§ **WORK INSTRUCTION**:
"Maxi dress cream" appears in one line; retype that line and all lines following it through the end of the records, with nothing left out or added.

§ **PROVIDED INFORMATION**:
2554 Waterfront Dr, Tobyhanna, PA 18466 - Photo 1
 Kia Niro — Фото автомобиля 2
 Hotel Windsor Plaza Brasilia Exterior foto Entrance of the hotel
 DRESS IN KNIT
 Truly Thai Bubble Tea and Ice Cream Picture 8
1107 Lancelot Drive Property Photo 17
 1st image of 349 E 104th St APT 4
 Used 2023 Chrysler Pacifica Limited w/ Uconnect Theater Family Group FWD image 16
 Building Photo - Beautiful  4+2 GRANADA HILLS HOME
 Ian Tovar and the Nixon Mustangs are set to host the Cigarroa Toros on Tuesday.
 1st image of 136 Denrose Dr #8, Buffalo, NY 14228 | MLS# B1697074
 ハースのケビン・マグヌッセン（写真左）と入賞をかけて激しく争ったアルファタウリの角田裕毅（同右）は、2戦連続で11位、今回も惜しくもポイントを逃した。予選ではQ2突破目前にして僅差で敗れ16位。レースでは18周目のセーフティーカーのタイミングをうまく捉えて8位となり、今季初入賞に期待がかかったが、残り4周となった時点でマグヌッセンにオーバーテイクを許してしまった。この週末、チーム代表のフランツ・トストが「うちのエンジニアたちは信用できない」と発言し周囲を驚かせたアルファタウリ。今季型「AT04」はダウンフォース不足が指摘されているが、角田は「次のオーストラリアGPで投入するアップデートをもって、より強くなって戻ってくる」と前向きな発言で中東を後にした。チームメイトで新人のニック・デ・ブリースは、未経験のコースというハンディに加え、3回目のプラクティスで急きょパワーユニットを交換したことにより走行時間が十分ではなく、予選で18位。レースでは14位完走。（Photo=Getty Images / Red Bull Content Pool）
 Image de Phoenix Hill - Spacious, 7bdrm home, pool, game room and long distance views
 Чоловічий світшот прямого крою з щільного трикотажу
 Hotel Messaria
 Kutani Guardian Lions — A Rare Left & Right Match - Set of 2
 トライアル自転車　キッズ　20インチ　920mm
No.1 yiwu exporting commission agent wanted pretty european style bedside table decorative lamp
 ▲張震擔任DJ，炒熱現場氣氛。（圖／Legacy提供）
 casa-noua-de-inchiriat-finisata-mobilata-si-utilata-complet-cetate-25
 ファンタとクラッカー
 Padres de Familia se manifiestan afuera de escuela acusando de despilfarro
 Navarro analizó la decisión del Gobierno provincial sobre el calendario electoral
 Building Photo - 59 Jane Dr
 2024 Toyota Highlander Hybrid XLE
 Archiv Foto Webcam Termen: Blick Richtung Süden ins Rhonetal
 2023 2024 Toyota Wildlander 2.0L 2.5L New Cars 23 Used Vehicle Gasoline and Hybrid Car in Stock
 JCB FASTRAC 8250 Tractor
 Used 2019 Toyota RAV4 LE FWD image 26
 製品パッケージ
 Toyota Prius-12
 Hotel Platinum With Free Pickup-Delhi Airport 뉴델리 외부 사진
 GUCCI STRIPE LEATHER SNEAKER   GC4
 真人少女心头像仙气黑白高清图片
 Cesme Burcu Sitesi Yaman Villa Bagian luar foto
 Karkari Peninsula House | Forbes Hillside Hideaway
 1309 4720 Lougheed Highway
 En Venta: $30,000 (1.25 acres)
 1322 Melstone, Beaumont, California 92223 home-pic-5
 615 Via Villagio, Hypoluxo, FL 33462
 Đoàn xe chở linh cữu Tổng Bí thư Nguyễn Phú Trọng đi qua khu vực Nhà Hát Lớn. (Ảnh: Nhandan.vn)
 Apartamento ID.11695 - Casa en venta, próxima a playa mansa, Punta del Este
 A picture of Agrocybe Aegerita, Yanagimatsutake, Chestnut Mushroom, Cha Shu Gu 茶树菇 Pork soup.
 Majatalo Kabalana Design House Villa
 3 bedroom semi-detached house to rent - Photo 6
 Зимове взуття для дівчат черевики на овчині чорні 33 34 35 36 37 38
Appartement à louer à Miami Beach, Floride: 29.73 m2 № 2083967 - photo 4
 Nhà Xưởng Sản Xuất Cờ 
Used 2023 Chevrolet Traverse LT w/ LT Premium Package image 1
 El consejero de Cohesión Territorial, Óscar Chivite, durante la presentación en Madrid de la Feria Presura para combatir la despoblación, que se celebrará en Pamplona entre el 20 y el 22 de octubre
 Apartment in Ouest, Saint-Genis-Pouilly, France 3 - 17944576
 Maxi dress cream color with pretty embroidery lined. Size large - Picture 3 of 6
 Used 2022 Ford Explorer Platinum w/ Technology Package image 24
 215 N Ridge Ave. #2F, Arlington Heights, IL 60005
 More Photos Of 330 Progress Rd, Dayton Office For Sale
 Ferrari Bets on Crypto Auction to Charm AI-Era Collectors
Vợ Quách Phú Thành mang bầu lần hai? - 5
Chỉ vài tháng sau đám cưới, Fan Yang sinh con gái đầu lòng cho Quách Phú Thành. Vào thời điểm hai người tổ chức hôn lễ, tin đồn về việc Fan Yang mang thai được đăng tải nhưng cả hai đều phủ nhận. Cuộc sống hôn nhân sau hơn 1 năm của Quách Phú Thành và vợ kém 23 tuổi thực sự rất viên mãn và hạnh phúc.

§ **PROBLEM SOLUTION**:
 Maxi dress cream color with pretty embroidery lined. Size large - Picture 3 of 6
 Used 2022 Ford Explorer Platinum w/ Technology Package image 24
 215 N Ridge Ave. #2F, Arlington Heights, IL 60005
 More Photos Of 330 Progress Rd, Dayton Office For Sale
 Ferrari Bets on Crypto Auction to Charm AI-Era Collectors
Vợ Quách Phú Thành mang bầu lần hai? - 5
Chỉ vài tháng sau đám cưới, Fan Yang sinh con gái đầu lòng cho Quách Phú Thành. Vào thời điểm hai người tổ chức hôn lễ, tin đồn về việc Fan Yang mang thai được đăng tải nhưng cả hai đều phủ nhận. Cuộc sống hôn nhân sau hơn 1 năm của Quách Phú Thành và vợ kém 23 tuổi thực sự rất viên mãn và hạnh phúc.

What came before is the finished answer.